## WHAT THE TASK ASKS
Your task is to return, word for word, only the lines from the line with "Ann Taylor Crew" through the close of the data. Exclude all pictures.

## THE DATA

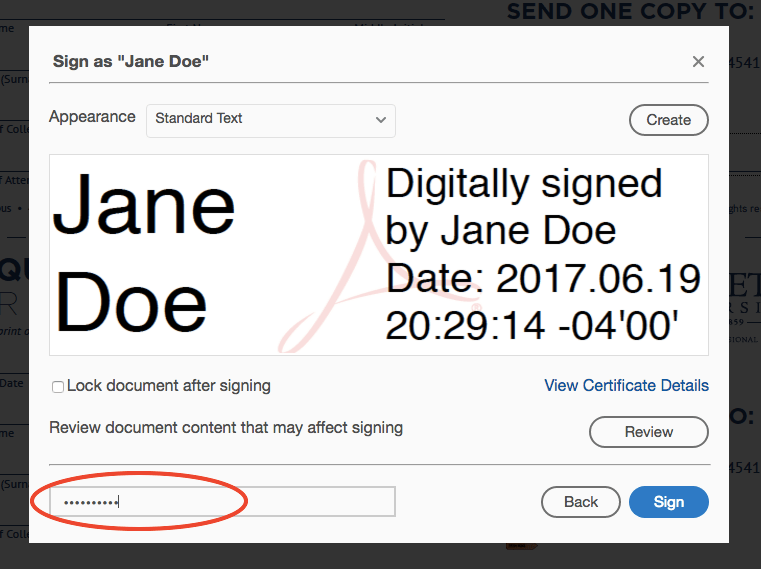 enter password to digitally sign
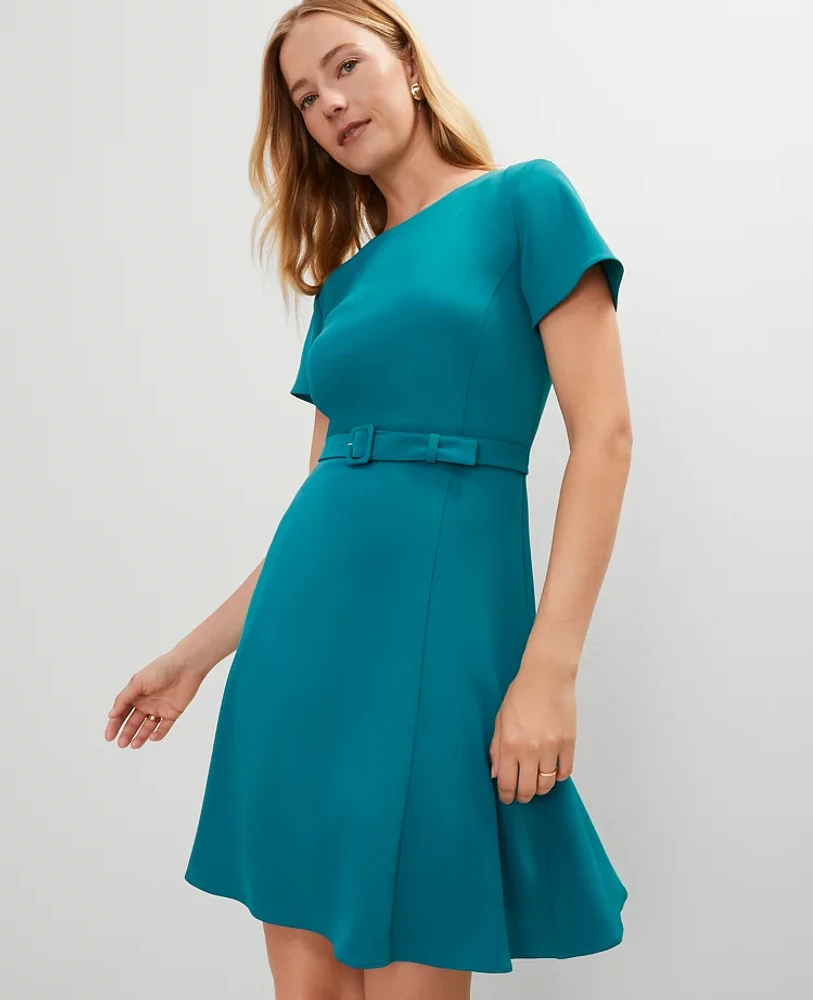 Ann Taylor Crew Neck Belted Flare Dress Aegean Teal Women's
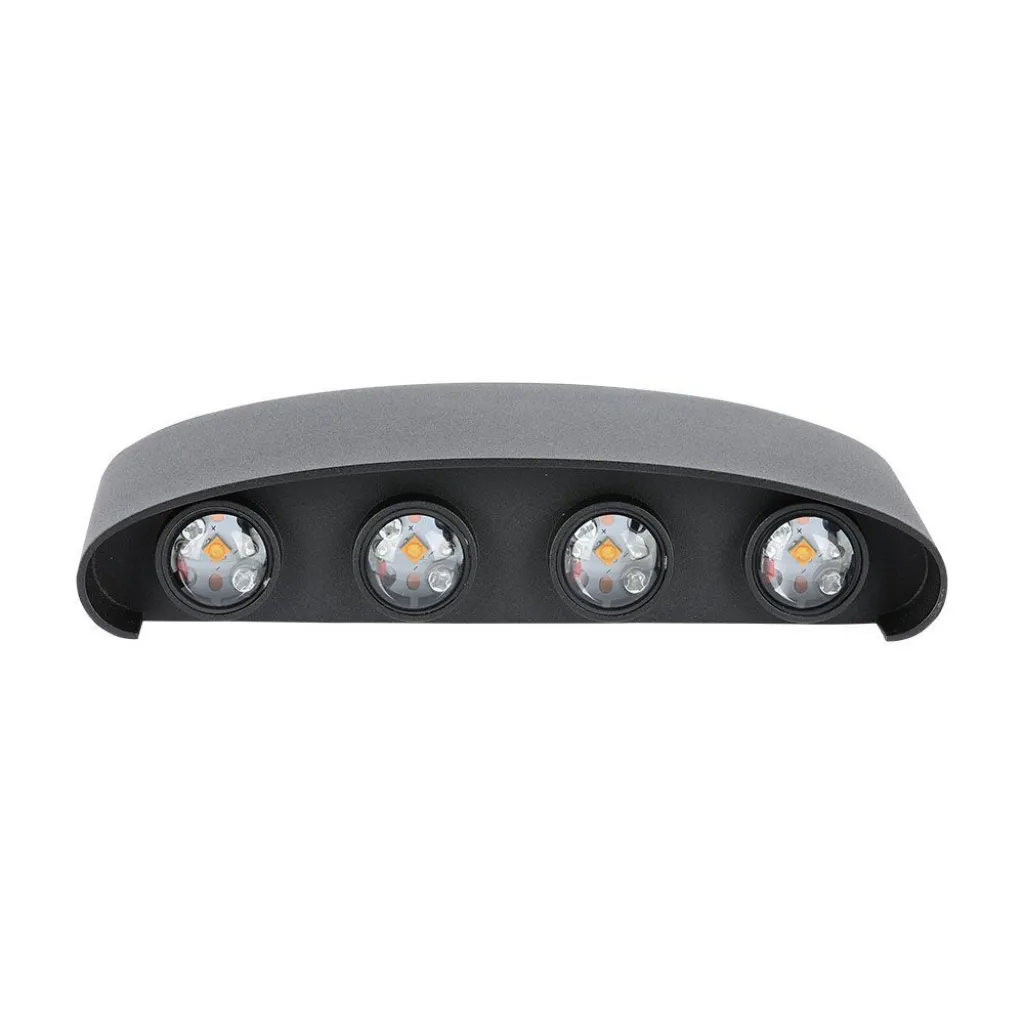 Applique LED da Muro 7W Doppio Fascio Luminoso Corpo Nero 4000K, vista frontale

## ANSWER FOR THE TASK
 Ann Taylor Crew Neck Belted Flare Dress Aegean Teal Women's
 Applique LED da Muro 7W Doppio Fascio Luminoso Corpo Nero 4000K, vista frontale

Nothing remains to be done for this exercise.